The beauty of accountability

It’s no surprise with all the databases and doohickies associated with the Internet to say that the digital age brings accountability to the performance of websites, media, and other such digital routes of expression. In business, this is called return on investment, or ROI, an acronym I am so sick of hearing. I guess it’s what matters when you want business results, but jeez, talk about over-use.

Marketers love digital because of all this. They can tell how customers got to where they got, and even who the customers are. When you look at the data, it becomes very 1984. But in a good way, I like to think. If I frequently travel to San Francisco during Christmas, I’d like to have airlines send me offers around that time for discounts and deals. If a little bit of creepiness can save me a few hundred bucks, why not? But that’s what makes Gen Y different from Baby Boomers, or so I hear.

To me, for this site, and for my own personal research into other sites, it’s useful yes, but above all fascinating.

How do you do a nerdy face on GMail?

That sentence will be forever etched in my brain. Why? Because it is the first organic search engine lead that led someone to this exact site (well, actually, to this post). It occurred on March 5, 2009 at 7:20 PM. I could also tell you which web browser and operating system platform the visitor used. See what I mean by a little creepy?

At the time of this person’s visit, my website was the first for that exact search: “How do you do a nerdy face on GMail” and I’m rather proud of that. However, now that it’s many, many days after that person landed on my page, I’m no longer even on the first page.
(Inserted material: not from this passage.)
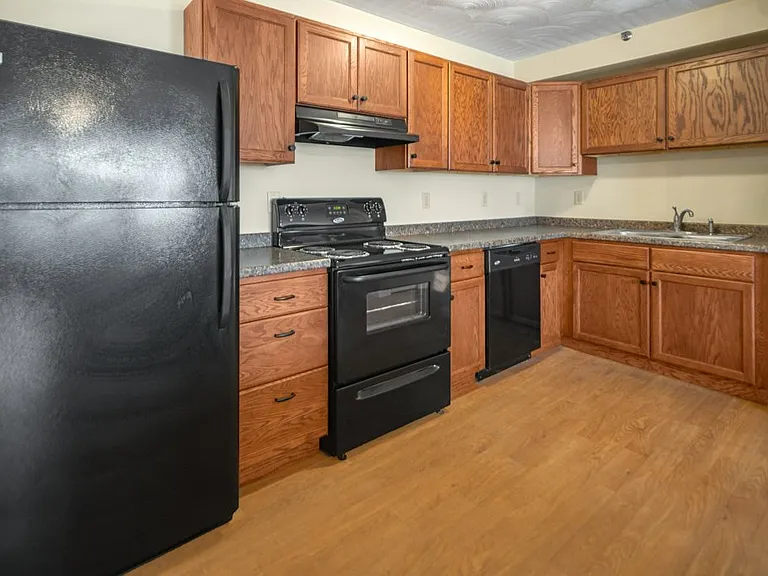 602 W Seneca St #A2 — Photo 3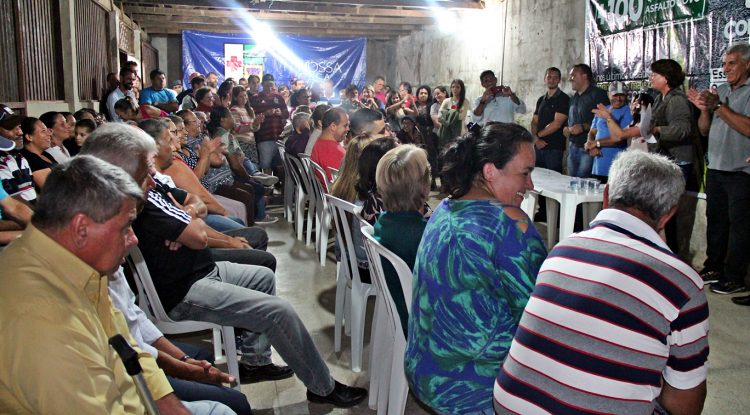 APrefeita Beti Pavin, acompanhada do vice-prefeito Sergio Pinheiro assinaram a ordem de serviço para a pavimentação das Rias Laranjeiras, Araçaeiro, Mangueira e Gabirobeira.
Knowing that there are actual people searching for things that may end them on these pages is comforting though. It sure beats a lot of the comments I get submitted for approval on these posts, which range from “hentai” to “miley cyrus [inappropriate words go here]” to “titten” and “zkyxkvw.com,” which I don’t think is a real website. So this is why they invented Search Engine Optimization. Do those comments really think I will help drive business to their sites? They should know that most people don’t appreciate the SPAM, and they’d be better off being classy. Like Playboy.

I’ll get off my rather short soapbox now.

The customer is always right

Unfortunately, when whoever it was landed on my page, they did not find the “nerdy face” they came in search of. There’s one reader I’ll probably never get back. Adieu!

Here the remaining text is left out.